La evolución de mi antirreligiosidad, en sus distintas formas y manifestaciones, es un tema en el que llevo reflexionando, de forma privada, desde hace años, pero ciñiéndome a los primeros efectos que tuvo sobre mi ánimo la lectura de Nietzsche -autor del que leí, después de El Anticristo, toda la bibliografía disponible, tengo que reconocer que con un ánimo que superaba con creces mi capacidad de comprensión-, tuvo un lugar predominante la disonancia entre mis nuevas ideas y el ambiente al que volví el mes de septiembre siguiente, con el nuevo curso: envalentonado por el nuevo criterio -en este párrafo, pónganse las comillas donde se desee- recién adquirido, pedí una entrevista con mi tutor, un salesiano muy poco ortodoxo -de hecho, años después lo echaron por su compromiso con los más desfavorecidos y sus desacuerdos con la jerarquía-, para exponerle mis ideas. Se mostró dispuesto y comprensivo, se prestó a librarme de las clases de religión -una asignatura obligatoria y puntuable, dados los tiempos y el entorno-, y me animó a seguir leyendo libros relativos a la temática antirreligiosa y a contrastarlos con textos religiosos, canónicos y no tanto -de esa época son también mis primeras lecturas de San Agustín y de Séneca, de Teilhard de Chardin y de Sexto Empírico, de Gregorio Magno y de Montaigne, por ejemplo-; pero una de mis mayores dudas, teniendo en cuenta mi conciencia recién adquirida, fue acerca de si, demostrada la estupidez que significa toda religión, los salesianos -y por extensión, todos los curas, pero aquéllos especialmente, hombres inteligentes y preparados pues, siendo como era una congregación dedicada a la enseñanza, todos poseían, aparte de sus estudios religiosos, al menos una carrera universitaria- realmente creían en Dios; la respuesta, aunque de forma velada pero perfectamente inteligible, me la dio mi tutor: dedicarse a la religión era una opción de vida, no una opción intelectual; por supuesto que no creían en Dios, pero hacían como si creyeran porque los beneficios de esa mentira para el pueblo llano, ignorante y conformista, ávido de ser engañado, eran mayores que la aceptación de la no existencia del ser supremo y de la banalidad de sus creencias.

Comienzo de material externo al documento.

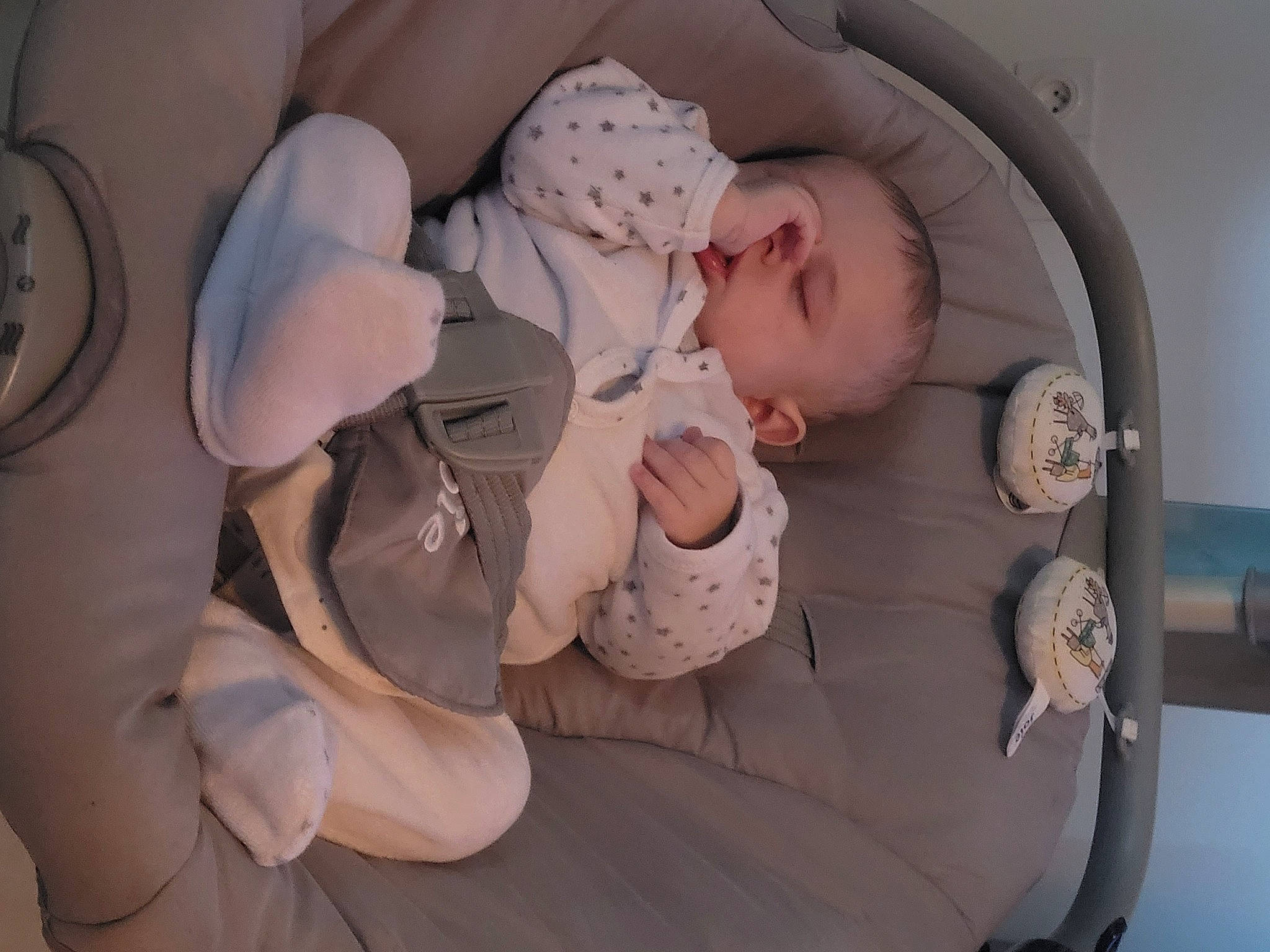 Sacha participe au concours pour gagner de l'argent avec cette photo : arm, baby, baby_products, baby_sleeping, baby_toddler_clothing, bedtime, cheek, child, comfort, ear, finger, gesture, hand, linens, mouth, person, room, skin, textile, thumb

Y todo eso me ha venido a la memoria estos días, cuando también he visto predicar, religiosamente, acerca de los beneficios de profesar otra religión, esta de contenido más -aunque no mucho- laico, por parte de algunos sacerdotes que, si poseen la pizca de criterio que se supone por los cargos que ocupan -si no es así, el asunto es preocupadamente más grave-, necesariamente tampoco creen en nada de lo que están diciendo.